- Born: Mark Robertson Cockrill December 2, 1788 Nashville, Tennessee, U.S.
- Died: June 27, 1872 (aged 83) Nashville, Tennessee, U.S.
- Resting place: Mount Olivet Cemetery
- Occupations: Cattleman, horse breeder, planter
- Spouse: Susan Collingsworth
- Children: 3
- Parent(s): John Cockrill Anne Robertson Johnson Cockrill
- Relatives: John Cockrill (paternal grandfather) James Robertson (maternal uncle) Felix Robertson (cousin) James Collinsworth (brother-in-law) Benjamin F. Cockrill Jr. (grandson) Edward Saunders Cheatham (son-in-law)

= Mark R. Cockrill =

American cattleman, horse breeder and planter

Mark Robertson Cockrill (1788–1872) was an American cattleman, horse breeder and planter. He was the owner of a large farm in Davidson County, Tennessee and a cotton plantation with 300 slaves in Mississippi. He won many prizes for his sheep-rearing both nationally and internationally, and he became known as the "Wool King of the World". He was a multi-millionaire prior to the American Civil War, and he loaned gold to the Confederate States of America during the war.

==Early life==
Cockrill was born on December 2, 1788, in Nashville, Tennessee. His father was John Cockrill, the son of Welsh-born planter John Cockrill (of Scottish descent) and his wife, Anne. His parents owned a farm in modern-day Centennial Park. His maternal uncle, James Robertson, was an explorer and the co-founder of Nashville.

==Career==
Cockrill raised cattle and bred horses on his 5,600-acre farm on Charlotte Pike in Nashville called Stock Place. He also raised swine and sheep. As early as 1815, he purchased merino sheep from William Jarvis for his farm. Additionally, Cockrill purchased the 1,000-acre Tulip Grove from Andrew Jackson Donelson for US$53,000 in 1854.
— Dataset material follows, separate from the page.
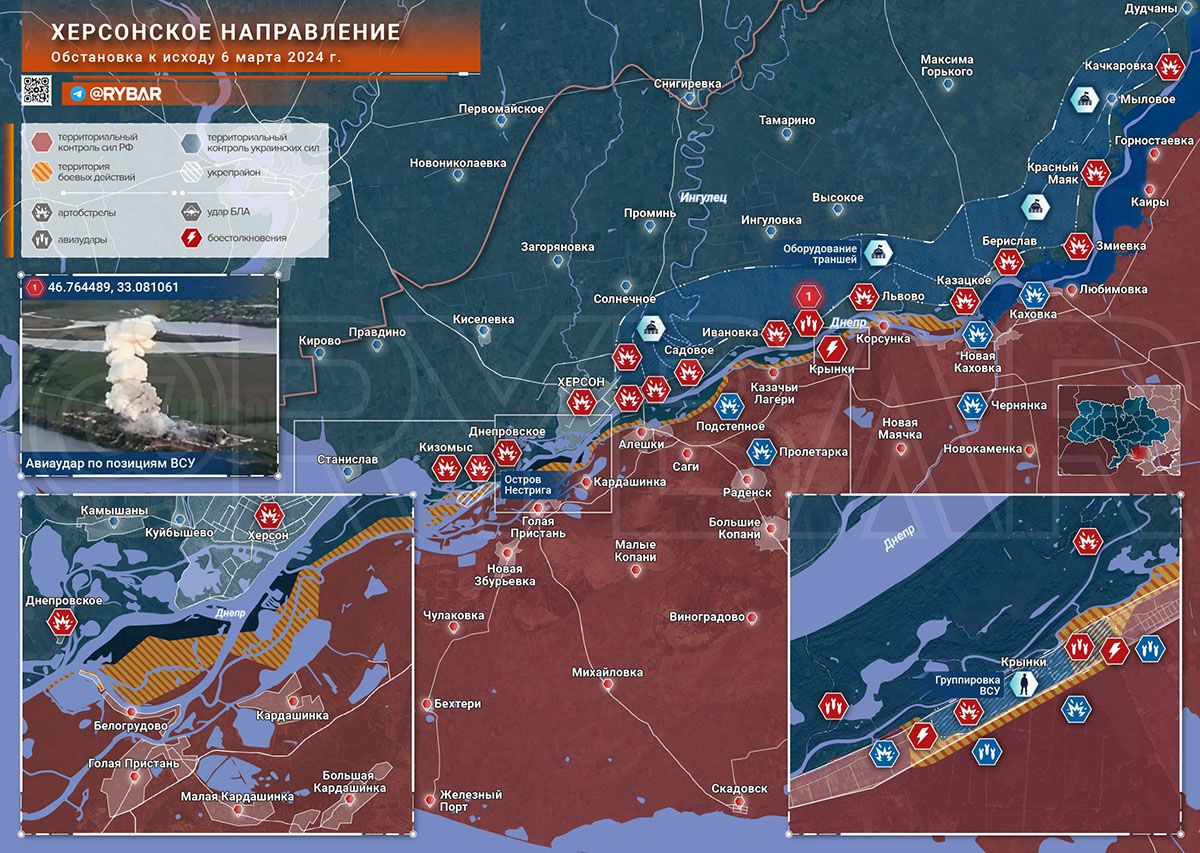 Карта боевых действий на Украине, Херсонское направление, к утру 07.05.24 г. Карта СВО от «Рыбарь».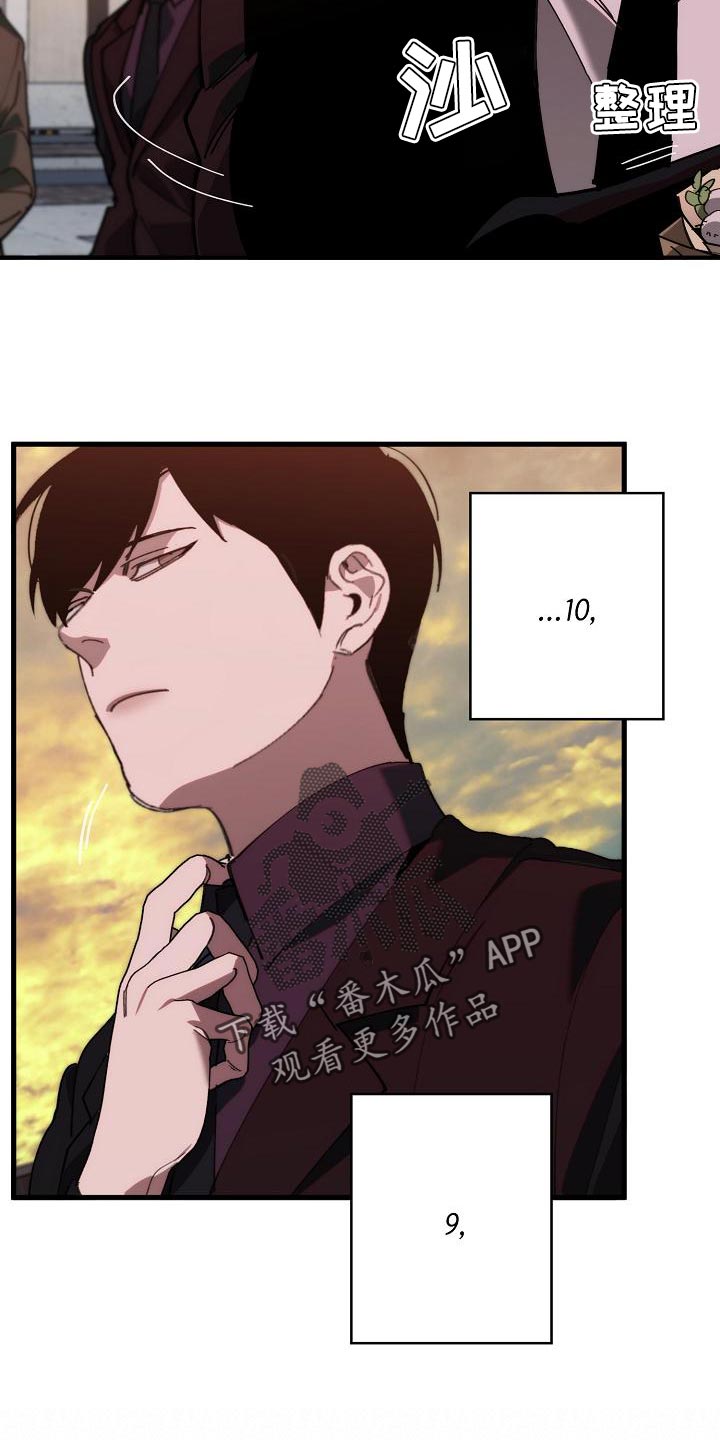 第174章：请客23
Cockrill won many prizes at the Middle Tennessee Fair and the Tennessee State Fair, two agricultural fairs. Additionally, he won a prize for the finest wool on exhibition at the 1851 World's fair in London, England. He was also the recipient of a gold medal from the Tennessee legislature "as a testimonial of distinguished merit and unrivaled success in wool-culture, and other agricultural pursuits" in 1854. He was featured in De Bow's Review for the superior wool of the sheep he raised. Additionally, he considered building cotton mills with four other planters in his county. He became known as the "Wool King of the World".

Cockrill was the owner of a cotton plantation in Mississippi, with 135 African slaves at one point. Prior to the American Civil War of 1861–1865, Cockrill sold the plantation and 240 slaves he owned; he retained 60 slaves and brought them to Tennessee. By then, he was worth an estimated US$2 million, and he was the richest Tennessean.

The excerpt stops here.